Les appels ambigus lancés par l'ERC à Sánchez pour résoudre la « crise politique » ont été explicités dans La Vanguardia par Pere Aragonès, haut responsable de l'ERC et actuel vice-premier ministre régional catalan. Les quatre principaux points sont: 1) des pourparlers sur la crise politique doivent avoir lieu entre les gouvernements espagnol et catalan et pas seulement entre les partis politiques; 2) la capacité de tout proposer, sans limites, aux pourparlers - l'ERC proposera un référendum d'indépendance et une amnistie pour les neuf dirigeants catalans emprisonnés, conscients que Madrid ne cédera jamais à ces exigences; 3) une réunion entre Madrid et Barcelone avant le vote d'investiture sur Sánchez; 4) tout accord conclu doit être voté par les Catalans et un calendrier clairement établi.
Après la première réunion, l'ERC a annoncé qu'il maintiendrait son vote négatif, tout en laissant la porte ouverte, déclarant que « les deux parties ont établi un point de départ commun en confirmant la nécessité d'aborder politiquement un conflit qui est, fondamentalement, de nature politique ».
Le PSOE a dit de la réunion qu'il y avait « des divergences, mais aussi des points d'accord et, en tout cas, un désir commun de dialogue qui peut permettre de débloquer la formation d'un gouvernement et d'assurer la stabilité politique nécessaire pour aborder » certains des problèmes auxquels l'Espagne fait face.
Les négociations révèlent une fois de plus la faillite du nationalisme et du séparatisme catalans. Ces forces représentent les intérêts non pas de forces de gauche luttant contre l'aristocratie financière espagnole mais de factions de la classe dirigeante défendant leurs intérêts contre la classe ouvrière et le gouvernement central de Madrid.
Les nationalistes catalans et basques sont devenus un pilier essentiel de l'établissement politique espagnol. Dans le régime post-Transition qui a émergé après la dictature fasciste de Franco, les nationalistes ont collaboré avec Madrid pour défendre les intérêts de la classe dirigeante espagnole. Ils ont soutenu l'adhésion de Madrid à l'Union européenne, à l'Euro, à l'OTAN, et ses guerres impérialistes à l'étranger. Sur le plan intérieur, ils ont défendu des politiques draconiennes contre la classe ouvrière, dont l'austérité, la désindustrialisation, la réforme du travail et celle des retraites.
Les nationalistes catalans ont réagi au déclenchement de la crise capitaliste mondiale de 2008 en imposant une austérité draconienne tout en vantant l'idée que la Catalogne n'aurait pas besoin de ces mesures si elle devenait indépendante. L'ancien conseiller municipal catalan pour les Affaires Santi Vila a cyniquement fait remarquer à une réunion de politiciens et d'hommes d'affaires que si la Catalogne « n'avait pas avancé un discours basé sur le nationalisme, comment aurait-elle surmonté des ajustements de plus de €6 milliards » ?

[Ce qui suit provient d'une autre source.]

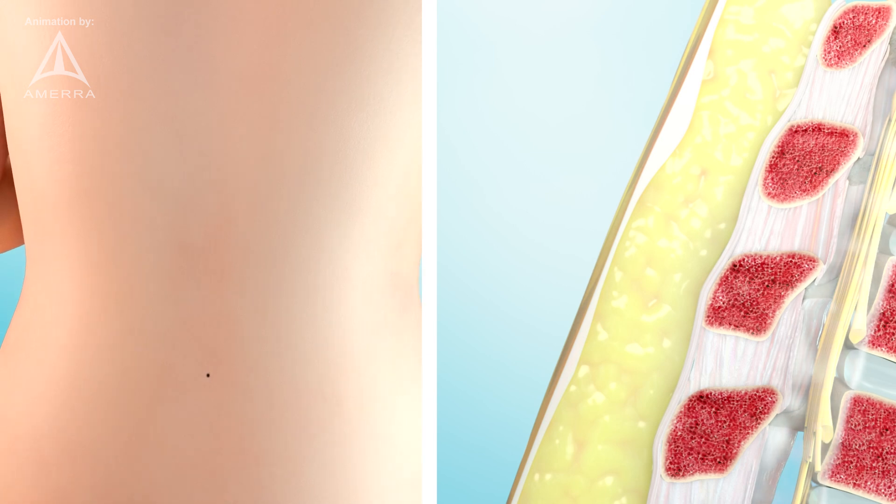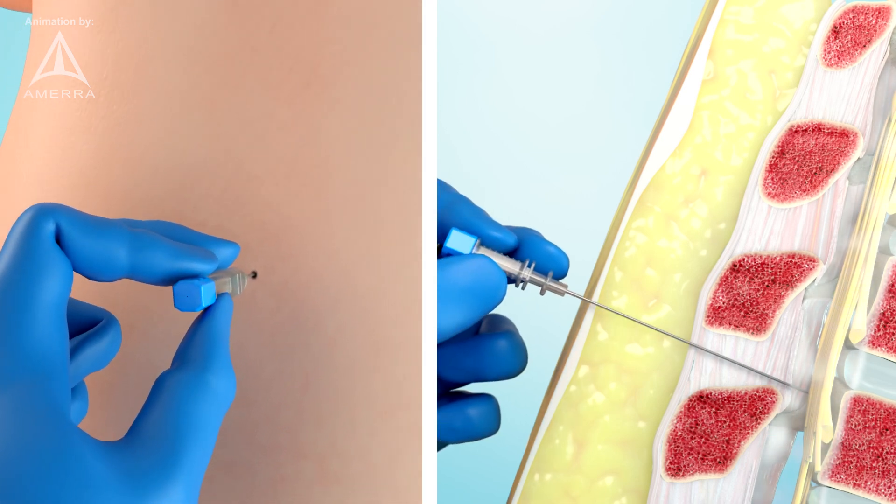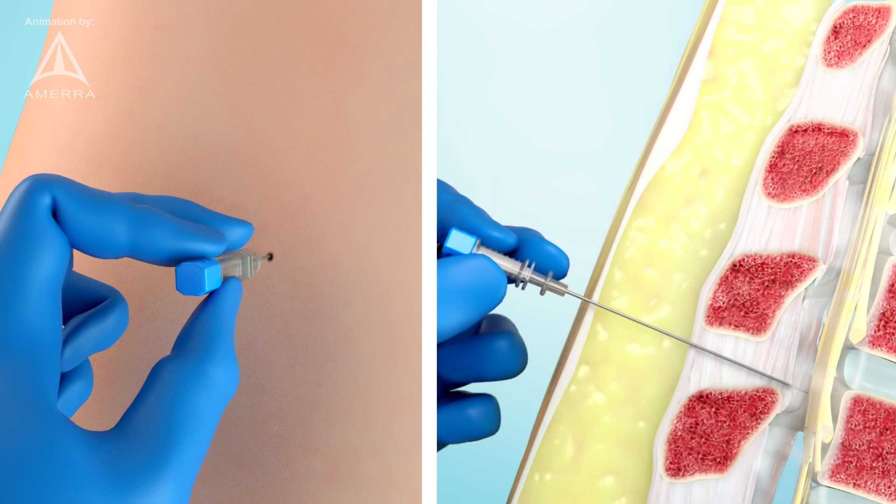Remove the device and complete the procedure per the standard of care. This includes injection of local anesthetic followed by injection of therapeutics or anesthetics, or collection of cerebrospinal fluid, not shown in this video.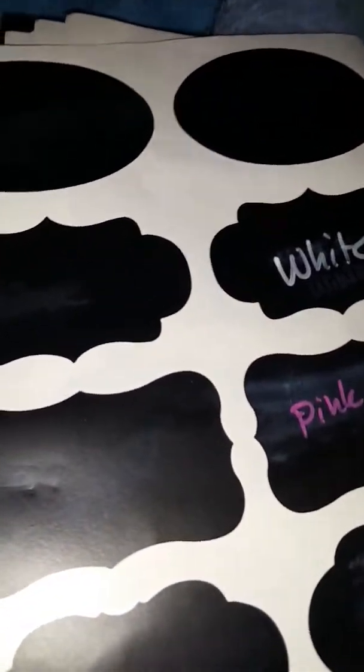Can't seem to get the other ones to open. White. And yellow. You can see the yellow is very, very faint compared to the other two.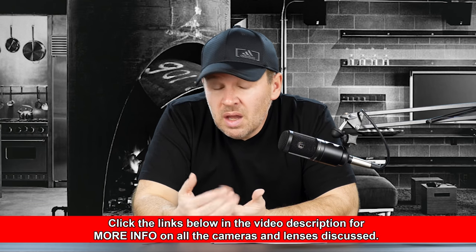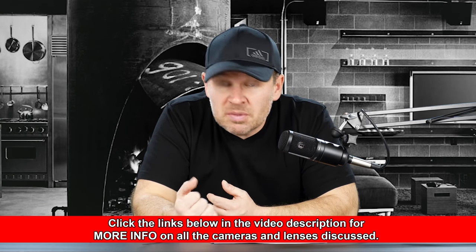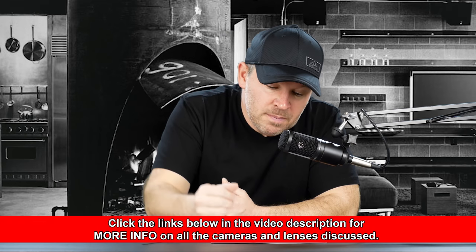The 7.5mm f/2 prime may be less expensive — I'm not sure, I'll put a link below so you can check them out. It is f/2, it's faster. But to me, at such a wide-angle focal length, I don't really need an f/2. And when you're that wide, it's not really going to make that much of an impact on depth of field and bokeh.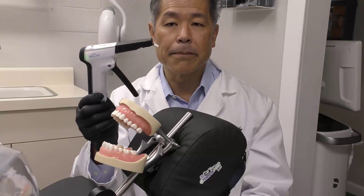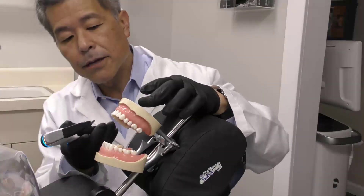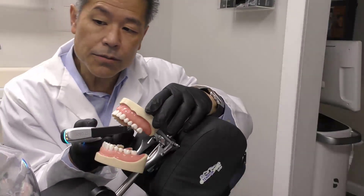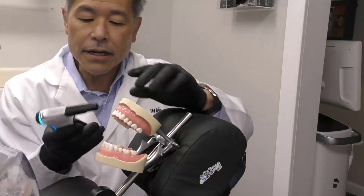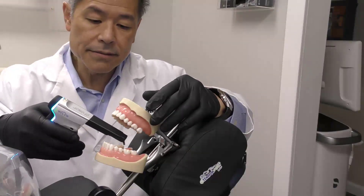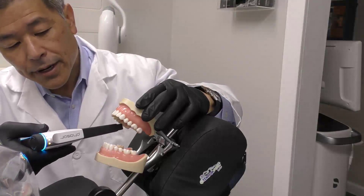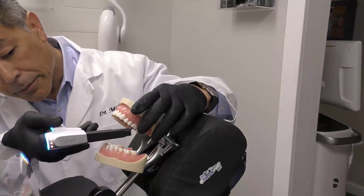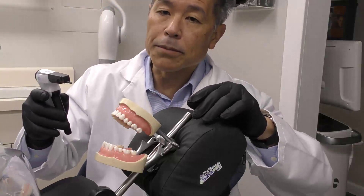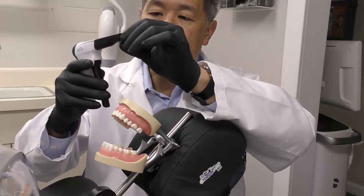In about 45 seconds, we're going to have our composite in the compules set and ready to go. The Phaser is able to get to all corners of the mouth — I'll show how you can get up to the upper right tooth right in there. You can get to all areas of the mouth, and although we don't have cheeks here, you can clinically get into all the different areas. There are also step-down tips, which I'll show you — you screw that onto the compules.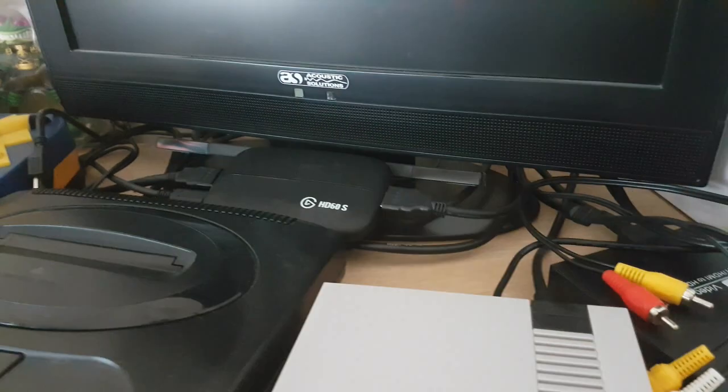So the full setup is: your console via Scart leads into the Scart adapter, which goes into the HD upscaler, which goes out via HDMI into the Elgato. I hope that really helps give you some information about how to connect up your older kit and actually get to stream it via HDMI connections to your laptop.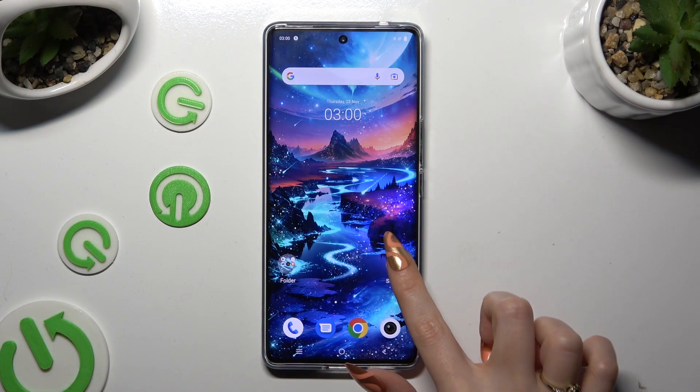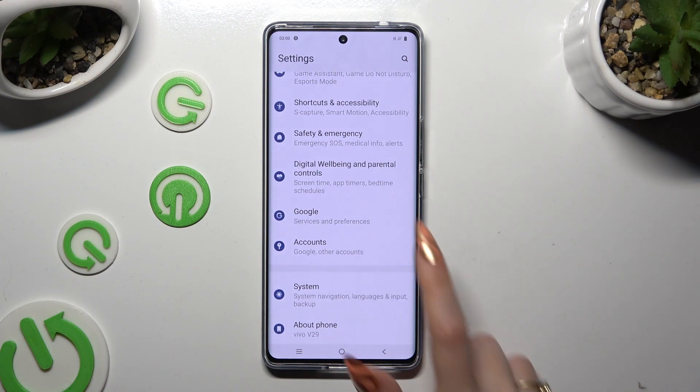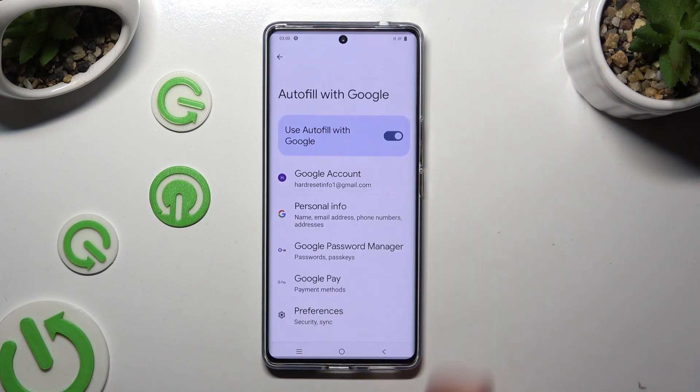Begin by going into Device Settings and scrolling all the way down to the Access Google section. Now tap on Autofill, Autofill with Google, and Google Password Manager.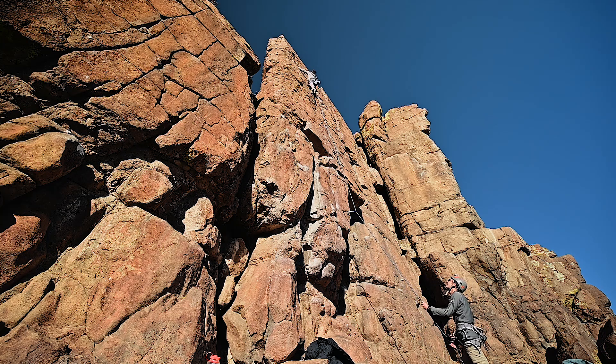There are solid holds in this area, and within the last 10 feet there are lots of solid crimps on a cold winter day.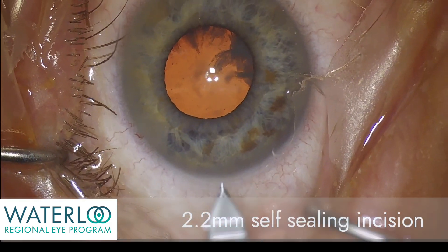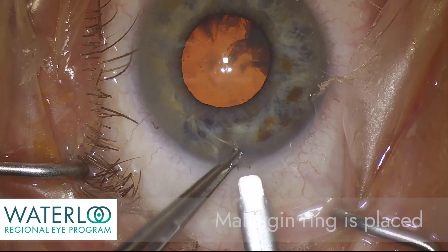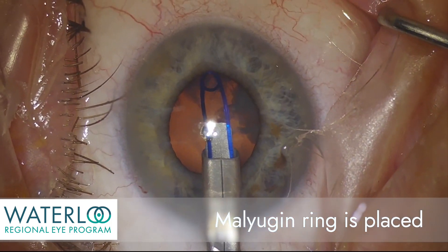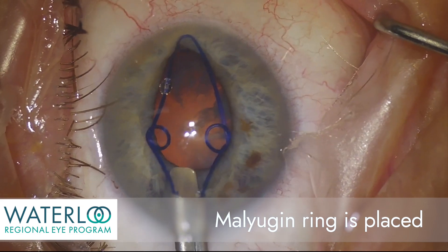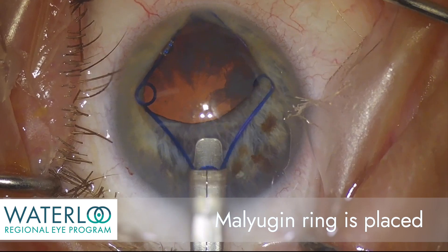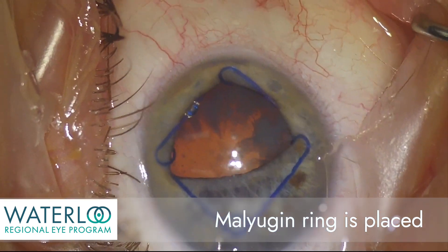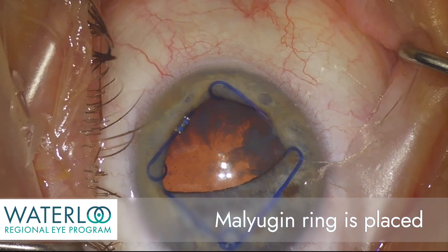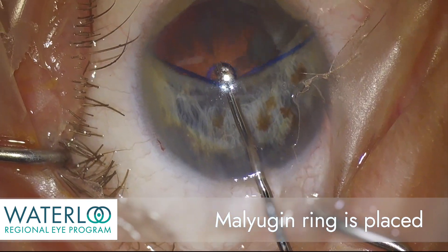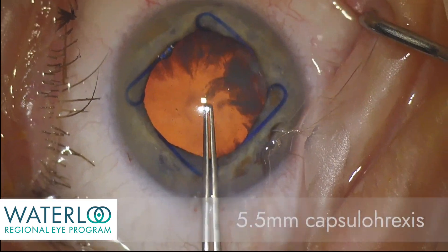A 2.2 millimeter self-sealing incision is made and the malyugan ring is now placed. The eyelets of the malyugan ring capture the edge of the iris in four positions to create a stable 6.25 millimeter pupil diameter. Here a malyugan manipulator is used to secure the final eyelet of the malyugan ring, keeping the iris stable throughout the surgery.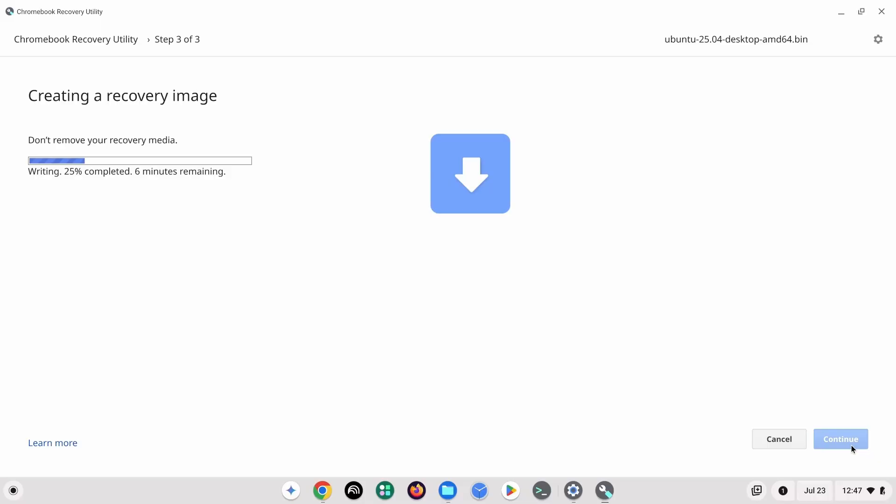Hey, it's Joe from Utilities Tech, and today I want to go over how you can make a bootable Ubuntu USB drive with a Chromebook — specifically, make a bootable Ubuntu USB drive with the Chromebook Recovery Utility.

Cela a culminé en 2017 avec l'organisation par les nationalistes d'un référendum sur l'indépendance, qui fut interdit par Madrid. Le référendum a aidé la classe dirigeante à enterrer les préoccupations socio-économiques des travailleurs et des jeunes, espagnols comme catalans, sous un torrent de rhétorique nationaliste. En même temps, Madrid en a profité pour pousser l'ordre du jour à droite, se servant de la crise catalane pour multiplier les mesures d’État policier et les attaques contre les droits démocratiques.
La tentative faite par ERC pour permettre au PSOE de se poser en défenseur du dialogue politique est une fraude. Sous le PSOE, neuf dirigeants catalans ont été emprisonnés pour leur participation aux manifestations pacifiques et au référendum sur l'indépendance d’octobre 2017, brutalement réprimés par le gouvernement. De plus, 33 hommes d'affaires, fonctionnaires et hauts fonctionnaires de l'ancien gouvernement régional catalan, dont les directeurs de la télévision et de la radio publiques catalanes, TV3 et Catalunya Ràdio, sont actuellement poursuivis en relation avec ces événements.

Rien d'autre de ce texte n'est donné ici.